### Stored data
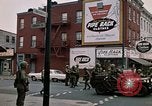 Image of Baltimore Riots Baltimore Maryland USA, 1968, second 5 stock footage video 65675044695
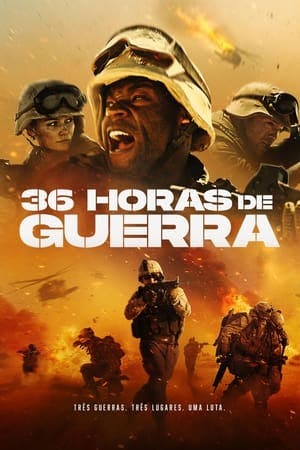 36 Horas de Guerra Online em HD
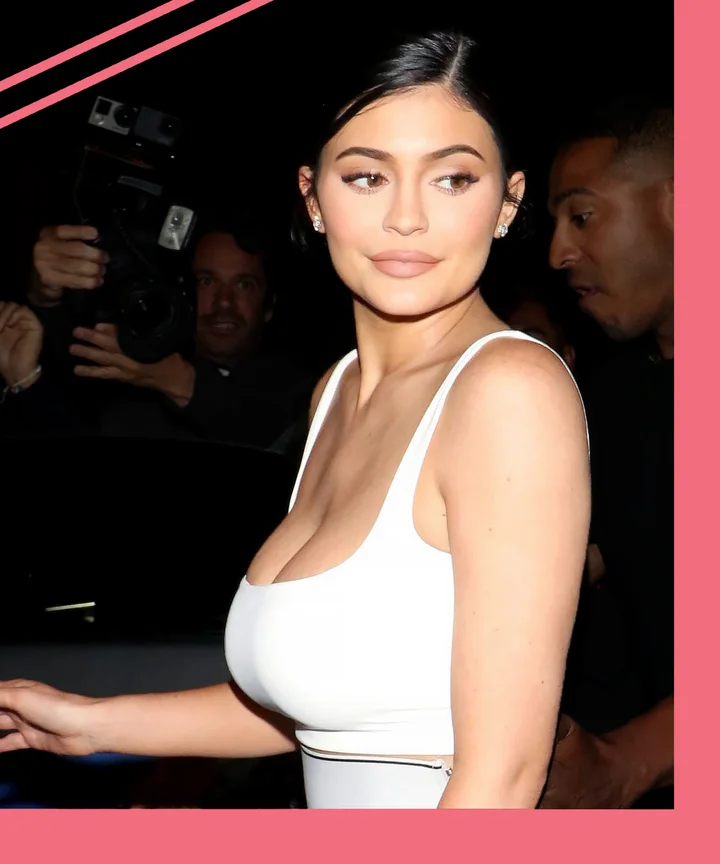 britainey nicole kisamore share kylie jenner gets fucked photos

### Work to be completed
Print every line of the material exactly as written, but drop the pictures.

### Result below
 Image of Baltimore Riots Baltimore Maryland USA, 1968, second 5 stock footage video 65675044695
 36 Horas de Guerra Online em HD
 britainey nicole kisamore share kylie jenner gets fucked photos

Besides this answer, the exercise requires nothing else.